**TASK DIRECTIONS:** Transcribe, verbatim, every line from the start of the entries through the line that contains "Portrait of patient"; include both boundary lines and omit all others.

(RECORDS SHOWN)

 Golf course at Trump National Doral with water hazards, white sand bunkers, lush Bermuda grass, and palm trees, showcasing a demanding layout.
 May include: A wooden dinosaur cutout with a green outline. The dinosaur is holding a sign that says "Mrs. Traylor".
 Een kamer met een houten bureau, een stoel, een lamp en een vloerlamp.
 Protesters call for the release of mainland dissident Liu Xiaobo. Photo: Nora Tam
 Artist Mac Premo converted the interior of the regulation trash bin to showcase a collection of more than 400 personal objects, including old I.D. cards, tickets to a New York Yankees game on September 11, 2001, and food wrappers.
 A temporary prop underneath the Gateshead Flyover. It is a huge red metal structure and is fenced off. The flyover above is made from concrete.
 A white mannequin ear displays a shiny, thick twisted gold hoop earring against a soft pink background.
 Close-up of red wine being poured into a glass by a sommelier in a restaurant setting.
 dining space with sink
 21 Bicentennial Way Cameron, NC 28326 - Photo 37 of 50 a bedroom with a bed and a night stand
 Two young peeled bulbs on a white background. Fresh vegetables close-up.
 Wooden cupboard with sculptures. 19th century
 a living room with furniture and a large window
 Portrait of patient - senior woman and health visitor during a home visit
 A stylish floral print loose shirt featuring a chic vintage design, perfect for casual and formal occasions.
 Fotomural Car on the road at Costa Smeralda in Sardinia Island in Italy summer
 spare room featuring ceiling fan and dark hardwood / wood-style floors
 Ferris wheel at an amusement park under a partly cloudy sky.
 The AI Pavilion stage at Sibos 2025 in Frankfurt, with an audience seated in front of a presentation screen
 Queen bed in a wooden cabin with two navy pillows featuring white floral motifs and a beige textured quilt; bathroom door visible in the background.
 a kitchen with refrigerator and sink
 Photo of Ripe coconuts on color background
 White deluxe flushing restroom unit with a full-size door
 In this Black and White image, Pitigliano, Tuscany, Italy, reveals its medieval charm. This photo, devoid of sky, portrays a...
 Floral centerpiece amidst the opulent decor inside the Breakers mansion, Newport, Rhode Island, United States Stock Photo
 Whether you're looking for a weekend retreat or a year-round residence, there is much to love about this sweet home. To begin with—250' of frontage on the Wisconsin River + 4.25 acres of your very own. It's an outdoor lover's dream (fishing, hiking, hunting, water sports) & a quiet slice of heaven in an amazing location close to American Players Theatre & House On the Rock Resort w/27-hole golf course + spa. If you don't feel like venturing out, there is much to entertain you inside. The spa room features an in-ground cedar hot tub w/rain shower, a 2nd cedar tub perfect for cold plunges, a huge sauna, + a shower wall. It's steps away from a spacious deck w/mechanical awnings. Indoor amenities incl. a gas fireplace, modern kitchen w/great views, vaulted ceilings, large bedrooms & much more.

(End RECORDS SHOWN)

**RESULT FOR THIS TASK:**
 Golf course at Trump National Doral with water hazards, white sand bunkers, lush Bermuda grass, and palm trees, showcasing a demanding layout.
 May include: A wooden dinosaur cutout with a green outline. The dinosaur is holding a sign that says "Mrs. Traylor".
 Een kamer met een houten bureau, een stoel, een lamp en een vloerlamp.
 Protesters call for the release of mainland dissident Liu Xiaobo. Photo: Nora Tam
 Artist Mac Premo converted the interior of the regulation trash bin to showcase a collection of more than 400 personal objects, including old I.D. cards, tickets to a New York Yankees game on September 11, 2001, and food wrappers.
 A temporary prop underneath the Gateshead Flyover. It is a huge red metal structure and is fenced off. The flyover above is made from concrete.
 A white mannequin ear displays a shiny, thick twisted gold hoop earring against a soft pink background.
 Close-up of red wine being poured into a glass by a sommelier in a restaurant setting.
 dining space with sink
 21 Bicentennial Way Cameron, NC 28326 - Photo 37 of 50 a bedroom with a bed and a night stand
 Two young peeled bulbs on a white background. Fresh vegetables close-up.
 Wooden cupboard with sculptures. 19th century
 a living room with furniture and a large window
 Portrait of patient - senior woman and health visitor during a home visit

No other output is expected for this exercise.